Seyfo Soley

Personal information
- Date of birth: 16 February 1980 (age 46)
- Place of birth: Lamin, Gambia
- Height: 1.88 m (6 ft 2 in)
- Position: Midfielder

Senior career*
- Years: Team / Apps / (Gls)
- 1998–1999: Banjul Hawks / 0 / (0)
- 1999–2000: F.C. Nieuwkerken-Sint-Niklaas / 24 / (1)
- 2000–2002: K.S.C Lokeren SNW / 49 / (0)
- 2002–2003: Genk / 41 / (2)
- 2003–2004: Al-Hilal / 0 / (0)
- 2004–2006: Genk / 43 / (2)
- 2006–2007: Preston North End / 6 / (0)
- 2011: Doxa Katokopia / 7 / (0)
- Alki Larnaca

International career
- 2000–2007: Gambia / 10 / (1)

= Seyfo Soley =

Gambian footballer (born 1980)

Seyfo Soley (born 16 February 1980) is a Gambian former professional footballer who played as a midfielder. He captained the Gambia national team. He is the former husband of the First Lady of Sierra Leone, Fatima Bio.

==Career==
Soley was born in Lamin, the Gambia. He played for Banjul Hawks FC, K.S.C. Lokeren Oost-Vlaanderen, Al-Hilal and K.R.C. Genk, prior to signing for Preston North End in January 2007.

Soley made his debut for Preston North End in the 2007 fifth round of the FA Cup which Preston lost 3–1 to Manchester City. In June 2007 Preston that he had left the club after rejecting the club's offer of a new contract.
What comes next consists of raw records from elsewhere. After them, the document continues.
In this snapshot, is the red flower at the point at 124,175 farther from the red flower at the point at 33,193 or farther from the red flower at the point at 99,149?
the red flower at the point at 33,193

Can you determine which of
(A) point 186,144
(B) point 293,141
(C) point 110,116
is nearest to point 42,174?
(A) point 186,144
On 26 July 2008, Soley played as a trialist for Motherwell in the second half of their 4–0 friendly win over Bradford City.
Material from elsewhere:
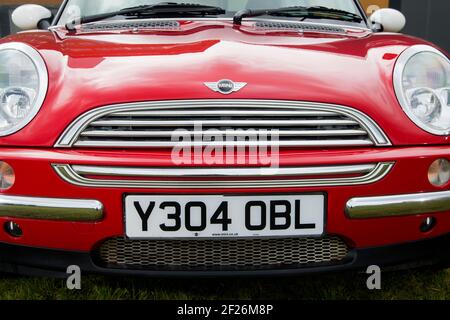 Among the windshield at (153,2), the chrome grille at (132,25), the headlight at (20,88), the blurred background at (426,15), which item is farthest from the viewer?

Soley trialled with Norwich City in the 2008–09 season under Glenn Roeder but was not offered a permanent deal. Though he was out of contract for three years, the 30-year-old midfielder made plans to move to the Cyprus premier-tier side Apollon Limassol in 2010, and the deal took effect in January 2011, after Apollon Limassol exhausted their 17-foreign-player limit.